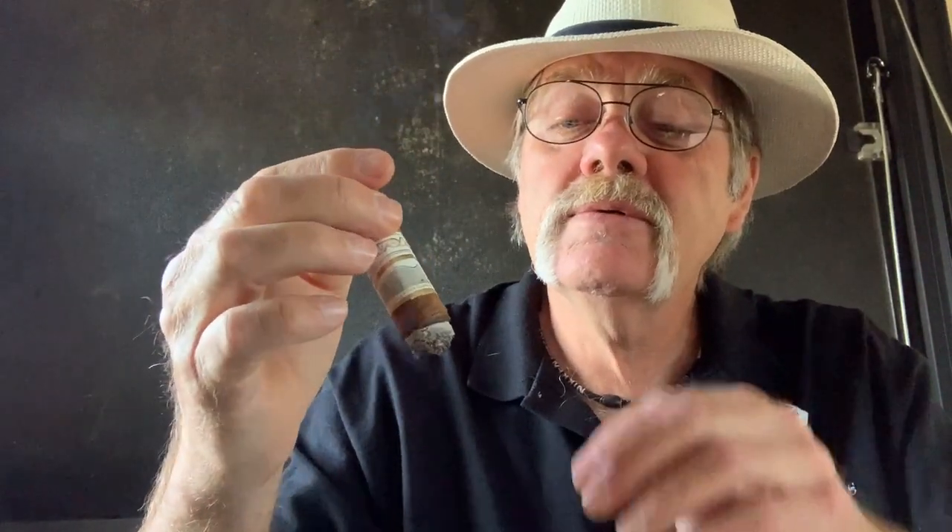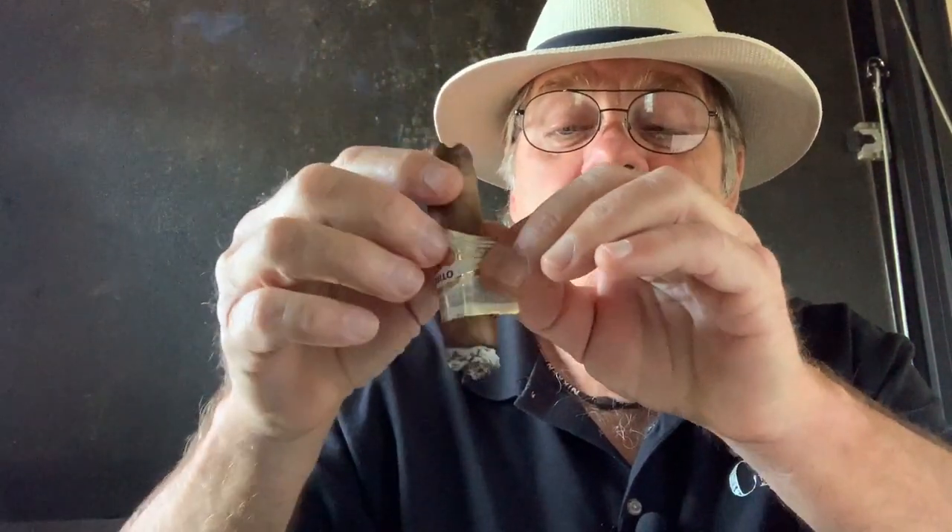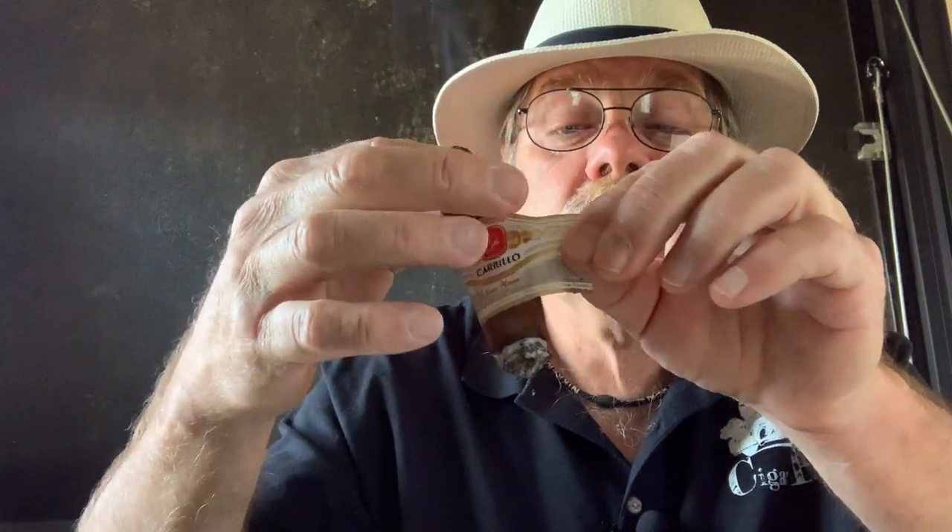We're back for the finish. Time to pull the band off — let's see how she comes off. I'm expecting good things like always with the cigar. And there you have it — came right off. No tears. Nice. This way we like it.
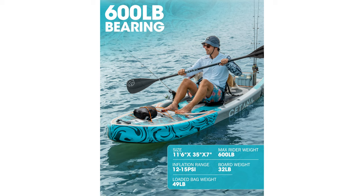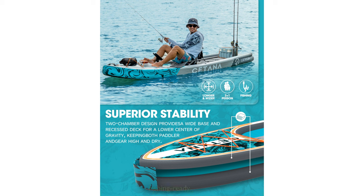This paddle board is highly versatile, suitable for epic journeys, long fishing trips, or casual paddling, combining portability, versatility, and stability. Equipped with a fishing rod holder,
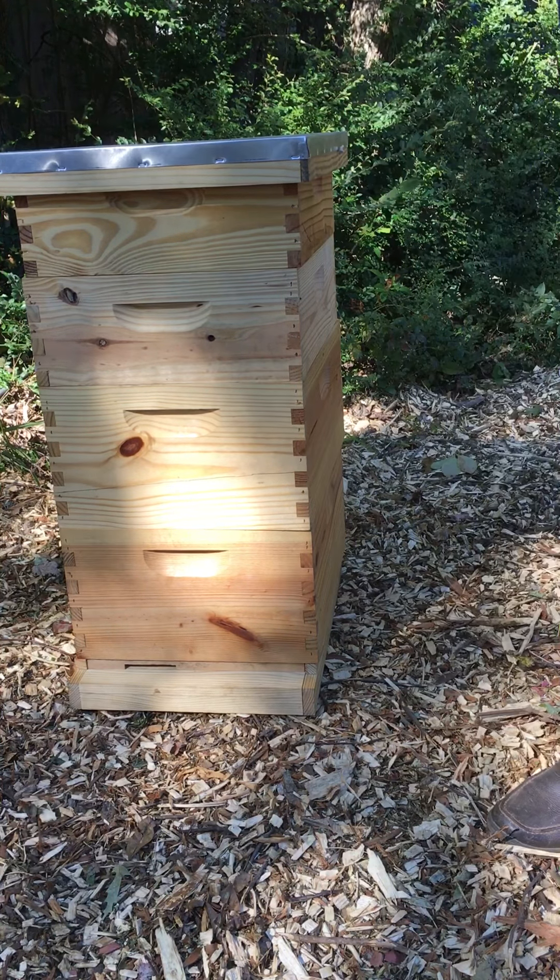The other piece of equipment I wanted to show is the entrance reducer. In your entrance, you've got a small opening; if you rotate it you've got a larger opening; and if you take it out you've got the entire opening. You'll change the size of that entrance based on the size and strength of your colony. If you've got a new package you're installing, you want a small entrance so the bees don't have to defend a large opening. As they get stronger, move to the larger size, and when you've got a flourishing colony, take it out altogether.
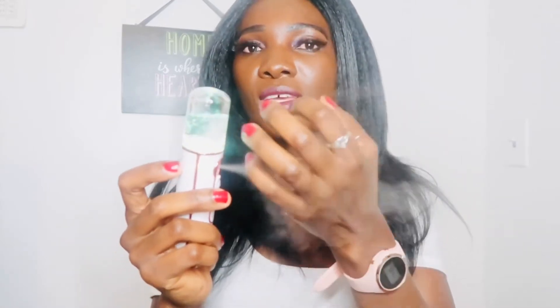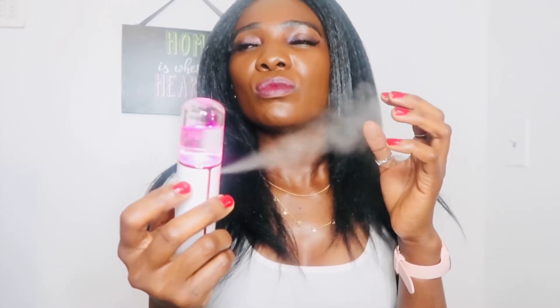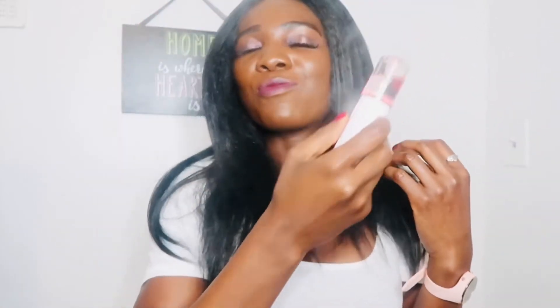You just push it down and the water sprays out. It's not a facial steamer — you don't get steam coming out like you would with a facial steamer. This is completely different. It's for when it's hot outside, like during summertime — it just freshens you up and gives you that fresh look.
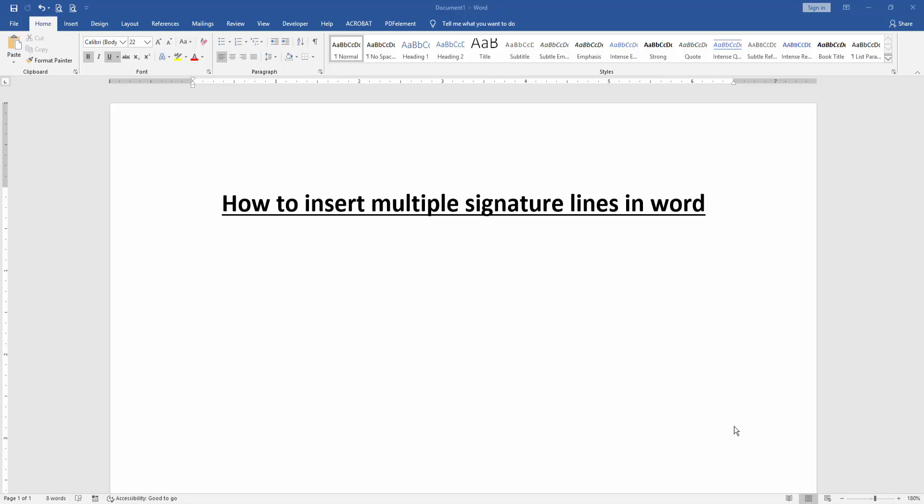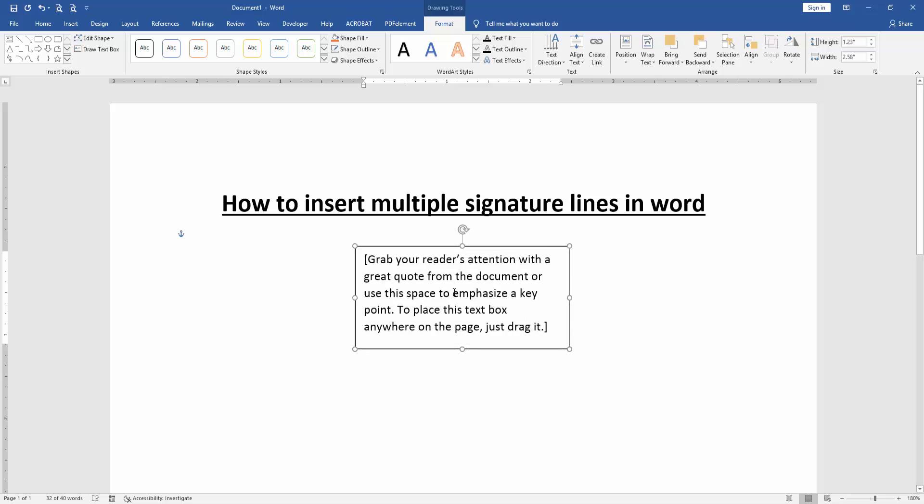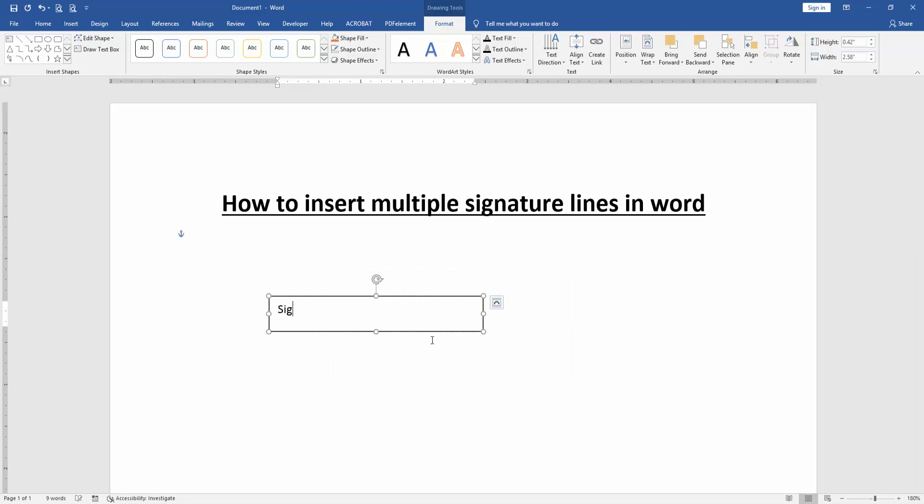First, we have to open our Word document. We want to insert multiple signature lines in this document. Go to the Insert menu, then click the Text Box menu and select Simple Text Box. Then write anything in this text box, then click before the text.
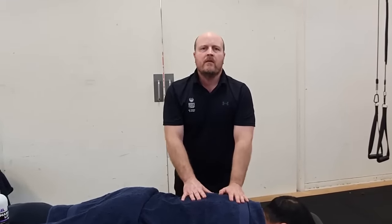Well done team — that will be your first simple, nice, basic back massage.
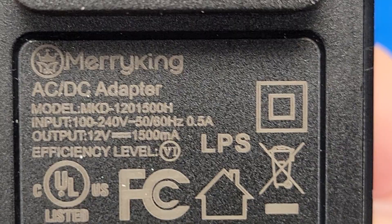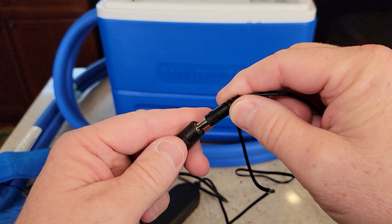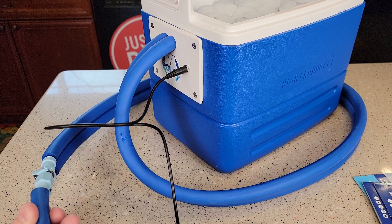So it comes with this power supply. You've got to plug this power supply in. There's the model number. Your input is 100 to 240 volts, 50 to 60 hertz. Output is 12 volts, 1500 milliamps. So you have to plug this into the controller — plug the output of the power supply into this controller. Now this controller has another line going out of it. The line going out the top of the controller, you're going to plug this into the actual cooler. There's a spot right here — you're going to plug that in.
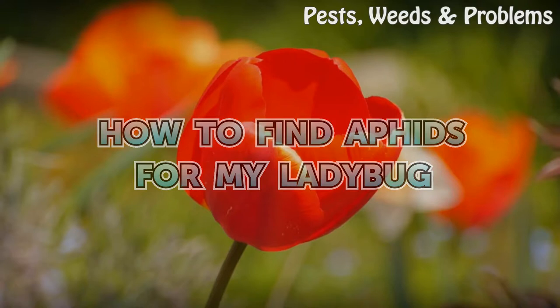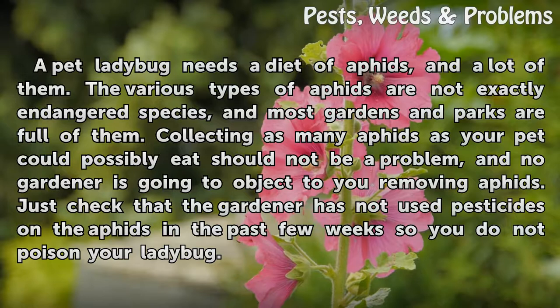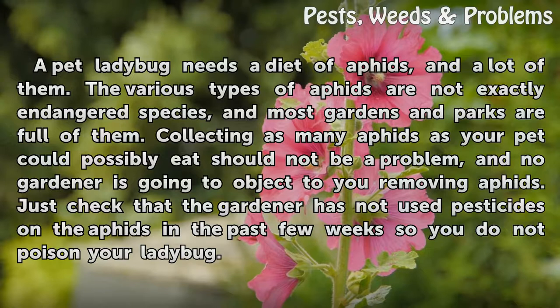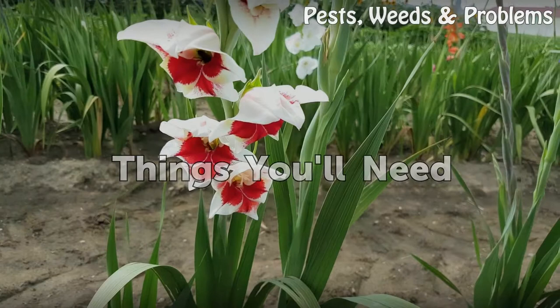A pet ladybug needs a diet of aphids, and a lot of them. The various types of aphids are not exactly endangered species, and most gardens and parks are full of them. Collecting as many aphids as your pet could possibly eat should not be a problem, and no gardener is going to object to you removing aphids. Just check that the gardener has not used pesticides on the aphids in the past few weeks so you do not poison your ladybug.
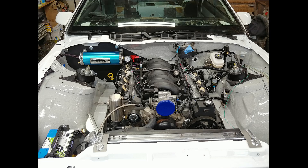I'm back with more wiring. I'll be covering how to wire up a standalone PSI harness for my LS1.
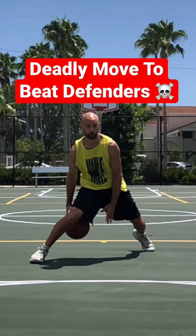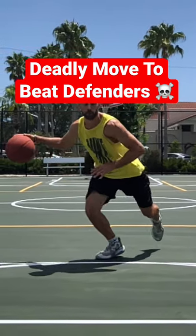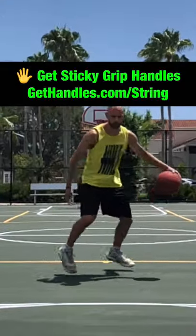Go between the legs, hang the basketball, and then step with the opposite foot of the hand that's dribbling, like you're going to drive that way. Then push off that foot hard to blow by the defense or go into a counter move.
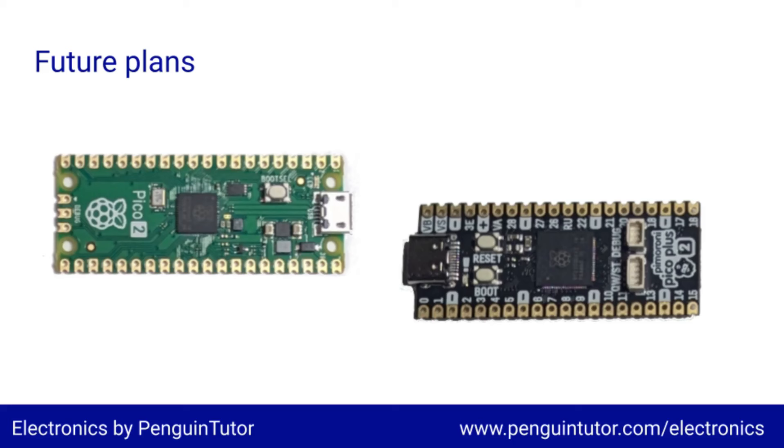This has only been a quick introduction to the new board for now, but I'll hopefully be working on some new projects in the near future. So if you've not already subscribed, please do so now and click the notification icon to find out about my future videos. Thanks for watching, and I look forward to seeing you in a future video.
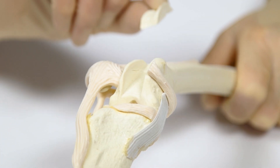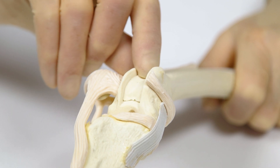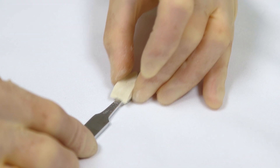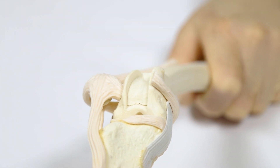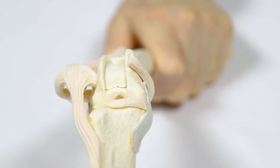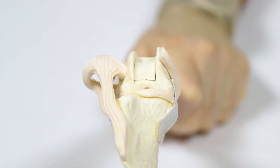The osteochondral block is then repositioned in the graft site. Fit, stability and depth of recession are reviewed and adjustments made as necessary. If the block is loose, pledgets of excised subchondral bone can be used to wedge the block stable between the trochlear ridges and the osteochondral graft.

::::::::::

*PROBLEM TO SOLVE*: From the material above, output only the span of lines that starts at the one containing "Go between the" and finishes at the one containing "This has only", word for word and free of pictures.

*EXERCISE ANSWER*:
Go between the legs, hang the basketball, and then step with the opposite foot of the hand that's dribbling, like you're going to drive that way. Then push off that foot hard to blow by the defense or go into a counter move.
This has only been a quick introduction to the new board for now, but I'll hopefully be working on some new projects in the near future. So if you've not already subscribed, please do so now and click the notification icon to find out about my future videos. Thanks for watching, and I look forward to seeing you in a future video.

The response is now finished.